▶ [EXERCISE MATERIALS]:
○ ○ ○ ○ ○

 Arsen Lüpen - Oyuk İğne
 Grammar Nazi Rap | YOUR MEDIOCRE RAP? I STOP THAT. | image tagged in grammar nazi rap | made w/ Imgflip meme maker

○ ○ ○ ○ ○

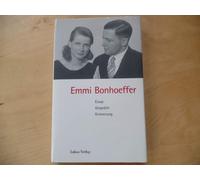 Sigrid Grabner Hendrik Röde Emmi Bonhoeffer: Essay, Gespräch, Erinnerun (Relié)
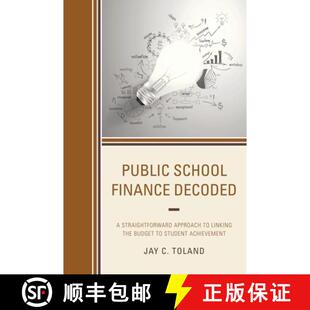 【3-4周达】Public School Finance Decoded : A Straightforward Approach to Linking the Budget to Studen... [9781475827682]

○ ○ ○ ○ ○

▶ [WHAT IS REQUIRED]:
In the listing above, find the line with "Arsen Lüpen - Oyuk İğne" and the line with "Grammar Nazi Rap | YOUR". Output those two lines and every line between them, exactly as written.

▶ [YOUR SOLUTION]:
 Arsen Lüpen - Oyuk İğne
 Grammar Nazi Rap | YOUR MEDIOCRE RAP? I STOP THAT. | image tagged in grammar nazi rap | made w/ Imgflip meme maker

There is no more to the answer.